The defense has just as many questions, if not more. Matt Grzelcyk, whose arbitration hearing is set for next week, has excelled in a third-pairing role, but will now be tasked with excelling in a top-four and maybe even top-pairing role. He, Charlie McAvoy and Brandon Carlo will all be expected to take on more of a leadership role on the back end with Krug gone as well, especially if Chara is also gone.

If veteran John Moore is still here and not traded away in a cap-clearing move, the Bruins are going to need him to be a regular contributor and not a $2.75 million healthy scratch. Jeremy Lauzon needs to build off a season that saw him show some promise in the regular season, only to then lose his lineup spot in the postseason.

Now healthy, Connor Clifton will be expected to run with the third-pairing right-side role he ran with in the 2019 postseason. It would be nice if 2015 first-round pick Jakub Zboril and especially 2017 first-round pick Urho Vaakanainen were able to seriously challenge for regular NHL playing time.

Again, it's a lot to ask from players who simply may not be capable of meeting those challenges. Unfortunately, the Bruins' pipeline or next wave or whatever you want to call it isn't full of blue-chip prospects, but rather middling ones who might never be more than fringe roster guys.

Look at all those first-round picks from the last three-to-five years we just ran through (Zboril, Vaakanainen, Senyshyn, Frederic) where we're still wondering if they can even make the NHL roster, never mind play a key role. McAvoy (2016) and before him Pastrnak (2014) were obviously first-round home runs, and DeBrusk (2015) is solid enough though not a star, but otherwise it's been too many question marks high in the draft.

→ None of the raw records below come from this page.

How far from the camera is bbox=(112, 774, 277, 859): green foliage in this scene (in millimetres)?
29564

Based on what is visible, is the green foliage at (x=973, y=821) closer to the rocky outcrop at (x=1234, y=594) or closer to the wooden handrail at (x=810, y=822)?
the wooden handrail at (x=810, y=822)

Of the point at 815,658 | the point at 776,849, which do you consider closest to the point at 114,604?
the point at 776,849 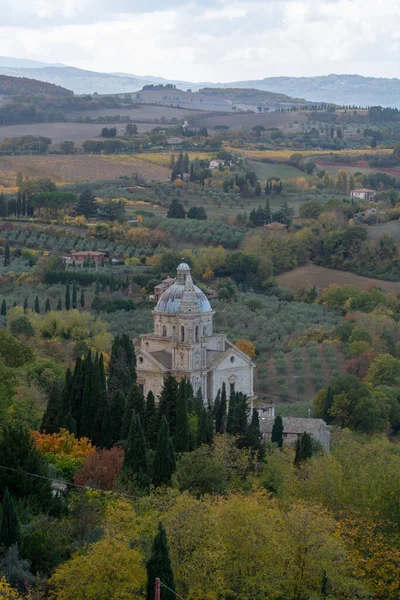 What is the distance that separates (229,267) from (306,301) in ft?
19.5

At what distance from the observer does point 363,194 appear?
149m

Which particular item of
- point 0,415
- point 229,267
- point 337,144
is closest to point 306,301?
point 229,267

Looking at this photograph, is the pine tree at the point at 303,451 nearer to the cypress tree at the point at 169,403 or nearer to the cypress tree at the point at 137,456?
the cypress tree at the point at 169,403

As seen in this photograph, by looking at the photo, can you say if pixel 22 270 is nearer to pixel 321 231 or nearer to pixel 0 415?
pixel 321 231

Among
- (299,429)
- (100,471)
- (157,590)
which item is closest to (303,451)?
(100,471)

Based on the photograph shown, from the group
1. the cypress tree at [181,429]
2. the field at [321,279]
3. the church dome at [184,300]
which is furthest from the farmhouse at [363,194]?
the cypress tree at [181,429]

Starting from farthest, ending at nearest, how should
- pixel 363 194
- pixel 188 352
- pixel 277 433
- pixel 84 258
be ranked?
1. pixel 363 194
2. pixel 84 258
3. pixel 188 352
4. pixel 277 433

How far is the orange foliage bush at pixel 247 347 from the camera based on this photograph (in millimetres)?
77569

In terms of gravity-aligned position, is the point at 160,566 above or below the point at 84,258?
above

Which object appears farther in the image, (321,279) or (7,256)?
(321,279)

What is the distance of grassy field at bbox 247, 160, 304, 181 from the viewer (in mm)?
162750

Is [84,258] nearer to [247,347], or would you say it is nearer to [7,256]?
[7,256]

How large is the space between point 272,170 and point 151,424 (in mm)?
122693

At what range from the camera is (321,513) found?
33781 mm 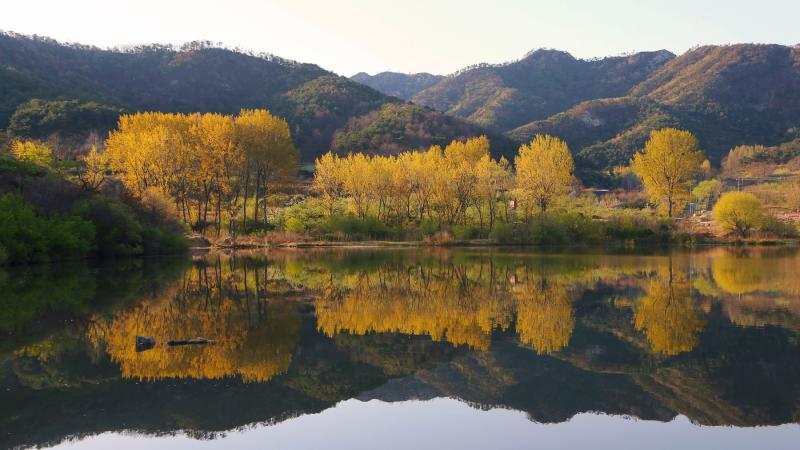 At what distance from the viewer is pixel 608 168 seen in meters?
107

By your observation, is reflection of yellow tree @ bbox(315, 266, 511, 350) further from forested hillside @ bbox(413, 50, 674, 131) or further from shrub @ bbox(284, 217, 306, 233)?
forested hillside @ bbox(413, 50, 674, 131)

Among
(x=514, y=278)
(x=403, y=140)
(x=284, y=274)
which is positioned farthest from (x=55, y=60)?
(x=514, y=278)

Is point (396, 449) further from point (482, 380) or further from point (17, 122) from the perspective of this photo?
point (17, 122)

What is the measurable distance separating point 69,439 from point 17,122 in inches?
2928

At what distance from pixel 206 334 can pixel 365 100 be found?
348 ft

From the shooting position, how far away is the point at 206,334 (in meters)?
13.4

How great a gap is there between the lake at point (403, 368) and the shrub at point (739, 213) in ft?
115

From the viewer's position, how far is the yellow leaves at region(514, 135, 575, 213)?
5194cm

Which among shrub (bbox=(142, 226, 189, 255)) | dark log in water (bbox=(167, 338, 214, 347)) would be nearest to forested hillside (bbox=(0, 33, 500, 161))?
shrub (bbox=(142, 226, 189, 255))

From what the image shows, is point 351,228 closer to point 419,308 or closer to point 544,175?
point 544,175

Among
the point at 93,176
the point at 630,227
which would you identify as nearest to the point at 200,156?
the point at 93,176

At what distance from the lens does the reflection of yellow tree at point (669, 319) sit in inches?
484

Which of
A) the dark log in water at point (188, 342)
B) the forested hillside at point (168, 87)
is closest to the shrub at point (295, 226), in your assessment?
the forested hillside at point (168, 87)

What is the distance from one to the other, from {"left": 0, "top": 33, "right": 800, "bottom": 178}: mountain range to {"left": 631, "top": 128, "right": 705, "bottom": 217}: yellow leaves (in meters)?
39.2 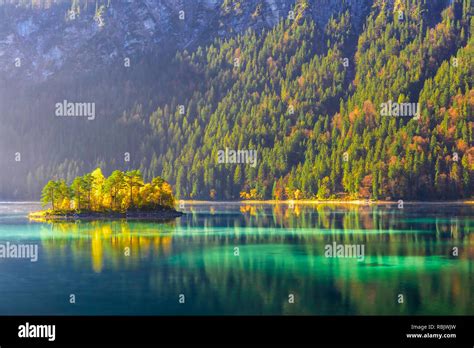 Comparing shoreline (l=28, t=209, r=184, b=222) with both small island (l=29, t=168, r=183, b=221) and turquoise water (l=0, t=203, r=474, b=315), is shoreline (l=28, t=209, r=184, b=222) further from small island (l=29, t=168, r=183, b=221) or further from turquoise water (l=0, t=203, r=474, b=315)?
turquoise water (l=0, t=203, r=474, b=315)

This may be a make-or-break season for what coach Bruce Cassidy called the "second layer" players -- not just those first-round picks, but players like Kase, Bjork and Carlo too. There are going to be growing pains, especially early on with Marchand and Pastrnak out, but the team can't afford too many.

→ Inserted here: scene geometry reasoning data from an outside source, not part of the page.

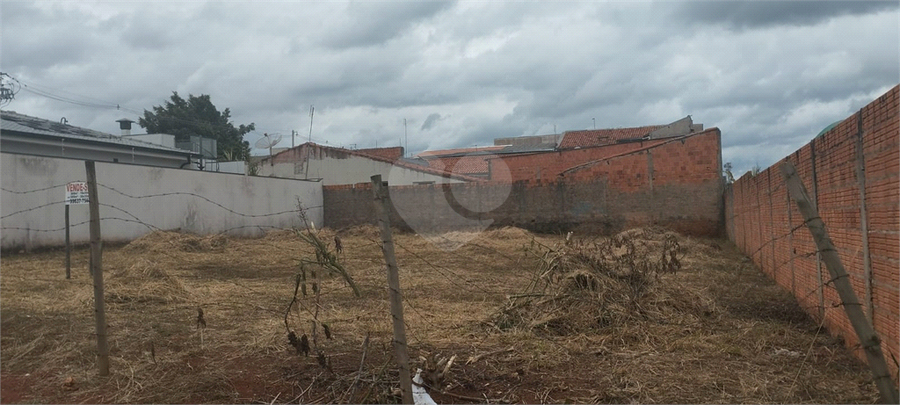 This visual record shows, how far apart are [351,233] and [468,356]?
668 inches

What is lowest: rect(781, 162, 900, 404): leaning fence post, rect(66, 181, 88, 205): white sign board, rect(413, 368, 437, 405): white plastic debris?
rect(413, 368, 437, 405): white plastic debris

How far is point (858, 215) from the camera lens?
4.21 m

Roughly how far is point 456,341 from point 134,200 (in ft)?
46.2

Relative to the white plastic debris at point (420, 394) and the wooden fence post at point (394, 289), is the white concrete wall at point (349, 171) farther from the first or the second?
the wooden fence post at point (394, 289)

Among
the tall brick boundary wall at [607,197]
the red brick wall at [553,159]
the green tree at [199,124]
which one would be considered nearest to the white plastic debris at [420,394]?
the tall brick boundary wall at [607,197]

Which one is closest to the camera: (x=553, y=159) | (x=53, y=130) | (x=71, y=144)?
(x=71, y=144)

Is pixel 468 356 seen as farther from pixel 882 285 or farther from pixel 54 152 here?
pixel 54 152

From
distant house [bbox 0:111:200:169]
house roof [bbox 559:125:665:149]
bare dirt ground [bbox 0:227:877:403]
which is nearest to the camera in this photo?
bare dirt ground [bbox 0:227:877:403]

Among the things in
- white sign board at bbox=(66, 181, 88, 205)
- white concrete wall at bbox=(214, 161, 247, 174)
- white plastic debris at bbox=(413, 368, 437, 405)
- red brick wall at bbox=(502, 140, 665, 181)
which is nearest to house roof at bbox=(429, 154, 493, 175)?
red brick wall at bbox=(502, 140, 665, 181)

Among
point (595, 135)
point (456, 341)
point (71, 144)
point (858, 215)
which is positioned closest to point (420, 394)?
point (456, 341)

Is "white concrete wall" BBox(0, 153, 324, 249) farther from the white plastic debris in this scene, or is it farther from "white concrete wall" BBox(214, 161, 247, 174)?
"white concrete wall" BBox(214, 161, 247, 174)

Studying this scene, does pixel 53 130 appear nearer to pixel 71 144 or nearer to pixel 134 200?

Based on this postseason, it doesn't seem like the Bruins have enough pieces to supplement their veteran core, especially not with Krug now in St. Louis. But given the lack of a major move or shakeup so far (and we still need that "so far" disclaimer since the offseason is, in fact, not over yet), it appears the Bruins may have to hope that with another full season before the next postseason, that "second layer" will take the steps forward the Bruins need them to.

Sometimes you need more than hope, though.